Brief =
Give back, word for word, only the lines from the opening of the records through the one with "In this series". Pictures stay out.

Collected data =
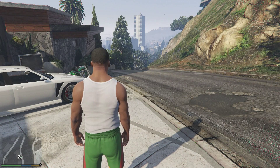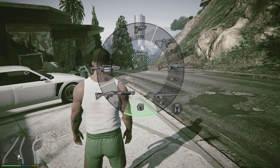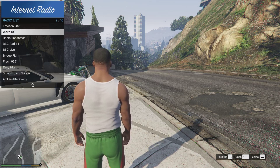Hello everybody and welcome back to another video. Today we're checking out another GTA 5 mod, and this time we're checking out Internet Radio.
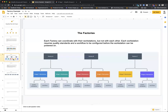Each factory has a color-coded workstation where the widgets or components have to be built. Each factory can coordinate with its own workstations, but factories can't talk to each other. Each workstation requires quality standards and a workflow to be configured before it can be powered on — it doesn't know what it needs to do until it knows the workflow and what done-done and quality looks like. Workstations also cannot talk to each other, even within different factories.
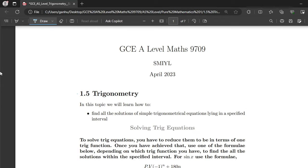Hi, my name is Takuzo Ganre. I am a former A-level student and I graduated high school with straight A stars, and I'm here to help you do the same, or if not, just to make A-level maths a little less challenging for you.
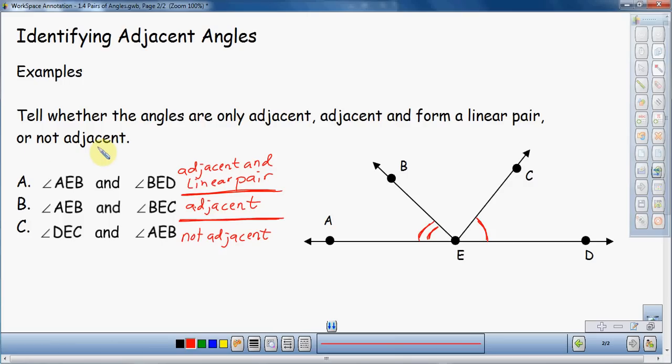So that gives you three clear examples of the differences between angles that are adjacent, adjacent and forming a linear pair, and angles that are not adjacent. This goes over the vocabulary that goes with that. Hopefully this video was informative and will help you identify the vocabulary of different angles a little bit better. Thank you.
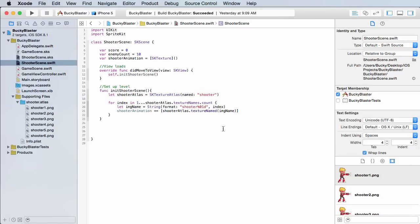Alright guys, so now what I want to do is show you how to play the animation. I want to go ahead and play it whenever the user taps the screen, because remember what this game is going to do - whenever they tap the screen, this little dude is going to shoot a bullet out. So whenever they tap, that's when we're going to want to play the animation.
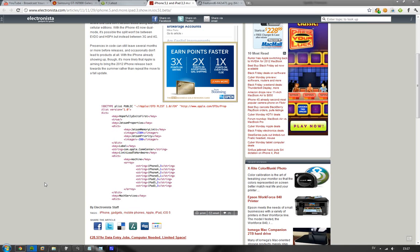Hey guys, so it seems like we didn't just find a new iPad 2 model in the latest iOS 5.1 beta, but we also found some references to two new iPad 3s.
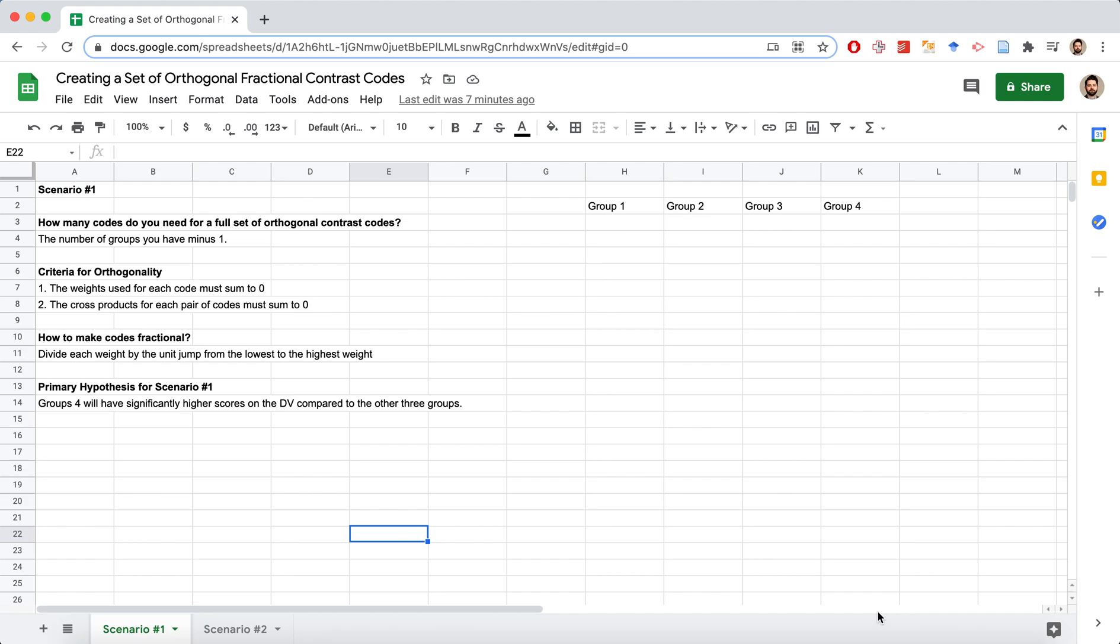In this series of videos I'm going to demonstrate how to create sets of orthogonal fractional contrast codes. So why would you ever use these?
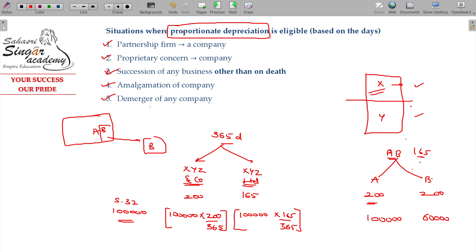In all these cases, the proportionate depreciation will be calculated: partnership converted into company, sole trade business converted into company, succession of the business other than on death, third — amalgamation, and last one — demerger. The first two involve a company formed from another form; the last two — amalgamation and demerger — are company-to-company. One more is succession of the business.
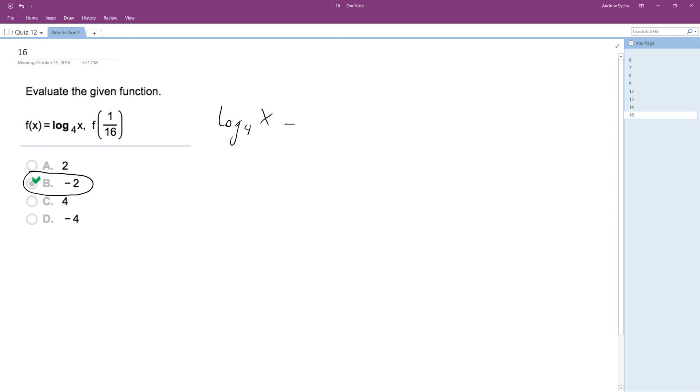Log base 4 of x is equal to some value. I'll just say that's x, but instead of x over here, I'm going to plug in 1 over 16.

Expected answer =
Hello everybody and welcome back to another video. Today we're checking out another GTA 5 mod, and this time we're checking out Internet Radio.
Each factory has a color-coded workstation where the widgets or components have to be built. Each factory can coordinate with its own workstations, but factories can't talk to each other. Each workstation requires quality standards and a workflow to be configured before it can be powered on — it doesn't know what it needs to do until it knows the workflow and what done-done and quality looks like. Workstations also cannot talk to each other, even within different factories.
Hi, my name is Takuzo Ganre. I am a former A-level student and I graduated high school with straight A stars, and I'm here to help you do the same, or if not, just to make A-level maths a little less challenging for you.
So that gives you three clear examples of the differences between angles that are adjacent, adjacent and forming a linear pair, and angles that are not adjacent. This goes over the vocabulary that goes with that. Hopefully this video was informative and will help you identify the vocabulary of different angles a little bit better. Thank you.
Alright guys, so now what I want to do is show you how to play the animation. I want to go ahead and play it whenever the user taps the screen, because remember what this game is going to do - whenever they tap the screen, this little dude is going to shoot a bullet out. So whenever they tap, that's when we're going to want to play the animation.
Hey guys, so it seems like we didn't just find a new iPad 2 model in the latest iOS 5.1 beta, but we also found some references to two new iPad 3s.
In this series of videos I'm going to demonstrate how to create sets of orthogonal fractional contrast codes. So why would you ever use these?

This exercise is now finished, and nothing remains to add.